Video files and data sets can be huge files. There is only about 120 GB of storage allowed per user within /home, which isn’t very many data sets’ worth. Putting them on the scratch doesn’t count towards your personal storage, so you can put essentially any amount of data on there that you want.
If you run jobs in parallel, the job number changes between the code that creates the distributed job and the functions that it runs. This was mentioned in step 4.4. Because the method used above to copy to and access the scratch creates a folder identified by job number that is deleted after that job number ends, we wouldn’t be able to use the distributed computing if this were the only way to use the scratch.

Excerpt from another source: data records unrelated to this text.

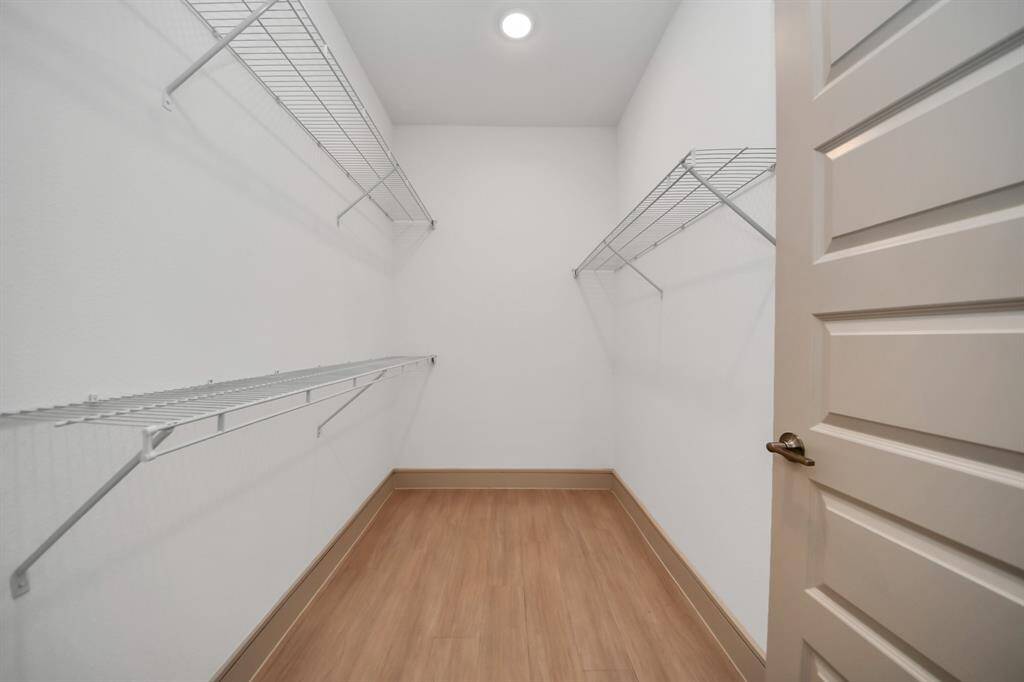 Photos displayed may be of similar apartments or floor plans featuring the same finishes.
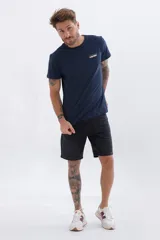 Remera azul marino de manga corta con pequeño estampado en el pecho.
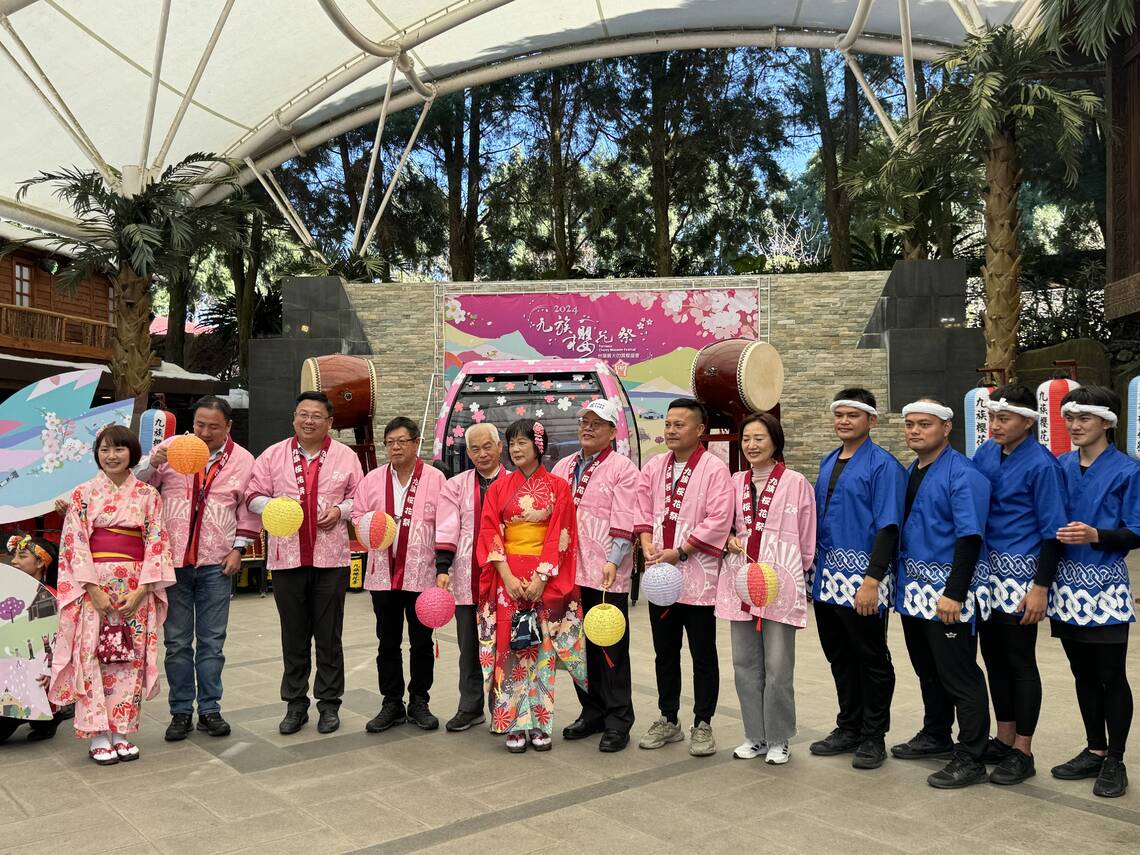 全台最大九族櫻花祭開跑 全新櫻花水晶纜車最有看頭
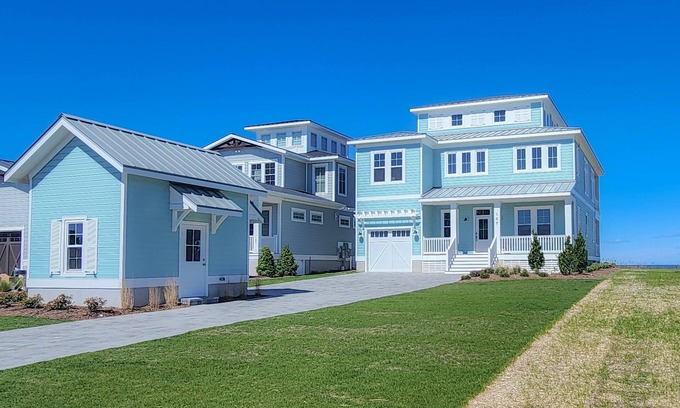 Cape Charles House | Gorgeous New 5 BDR, 4 BA Beach Home With Tower Outlook Suite!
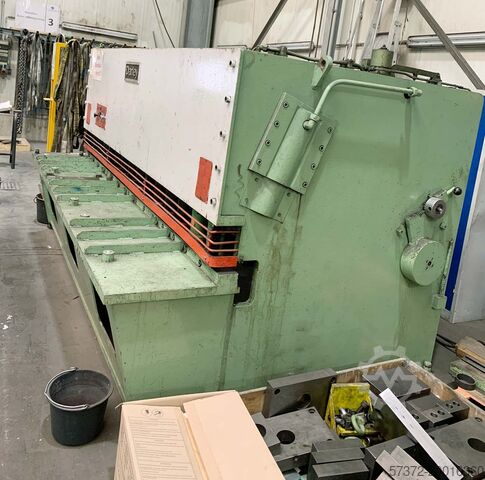 Гильотинные ножницы Darley GS.3016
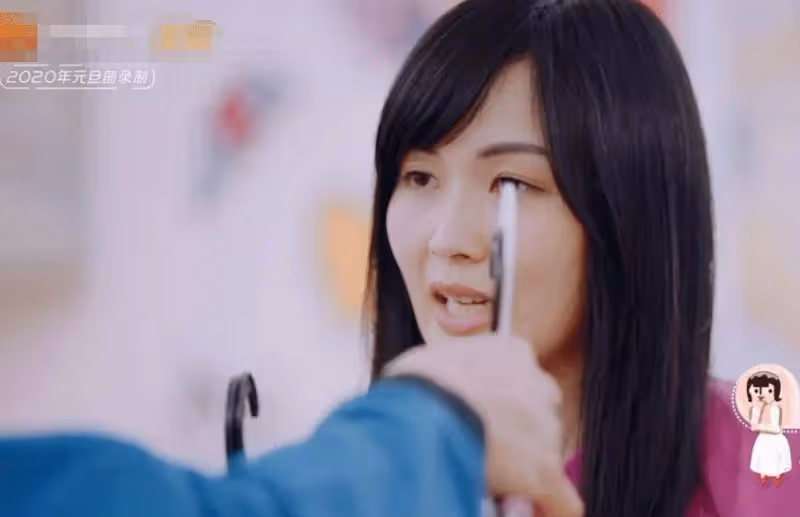 吳尊要林麗瑩穿吊帶!她的反應太矜持,竟然要加「外套」,網友驚呼:難怪吳尊那麼寵她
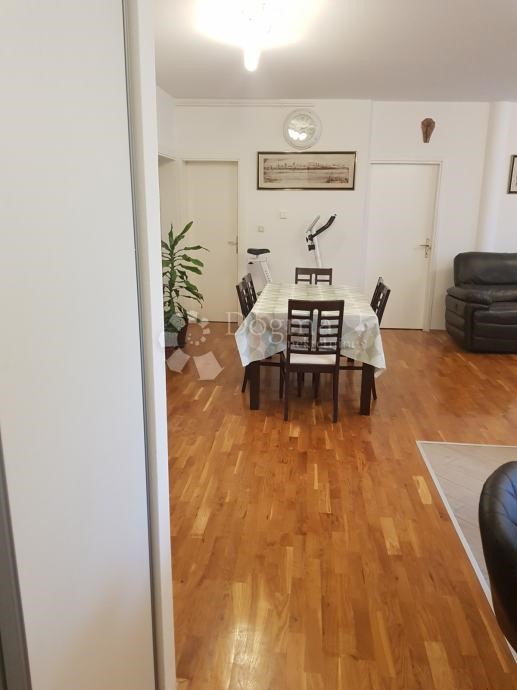 Flat For rent - GRAD ZAGREB  ZAGREB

A .serial file that will result in this error is included in the codes linked to this step. It is called “j_scratch_fail.serial”. Run that code and type “bjobs” at various times while it is running. Once it has finished running, check “Task1.out.mat” in the “Job1” folder in the folder chosen as your Job Storage Location. You will see the error that the file could not be loaded. If you edit the serial file to call load_scratch2 with $MYSANSCRATCH and the matrix size as inputs, the function will work fine.
The solution to both of these issues is to create a folder within /sanscratch identified by your name.
Always remember that the folders on the scratch are temporary folders – even your personal one might get accidentally deleted and there is no automatic backup – so never put anything on there that isn’t backed up elsewhere.
When using your own /sanscratch directory, there is no need to define the MYSANSCRATCH variable in your .serial file, nor is there a need to define how much space needs to be allocated. All you need to do is change into that directory and copy over anything that isn’t already in there.
There are three working .serial files in the folder attached to this step: h_scratch1.serial, h_scratch2.serial, and h_scratch3.serial.
The first copies files and matrices over to the home scratch directory and then calls a function that loads a particular matrix, takes its transpose, and then saves it to the home directory.
The second starts out the same, but differs because it calls a distributed computing function.
The third requires that you first copy the files and functions over to your scratch directory before you run the .serial file; it does not include lines for copying those files over. If you put video files or large data sets on the scratch with the intention of analyzing them, this is the model that you should follow.
If you are copying large files onto the cluster, you should not do it by dragging from one folder to another in the ftp client like you may have been doing for smaller files. When large files are copied in this way, the cluster has the potential to get overloaded and crash.
To learn a safe way to copy large files from a Windows computer, email Henk and ask him.
To copy large files from a Mac, open up Terminal but do not log into the cluster. Instead, use the following command: “rsync -vac –bwlimit=5000 [file location on your computer] petaltail:/sanscratch/[folder]”. This allows the cluster to control how quickly the data is being uploaded, avoiding overloads and crashes.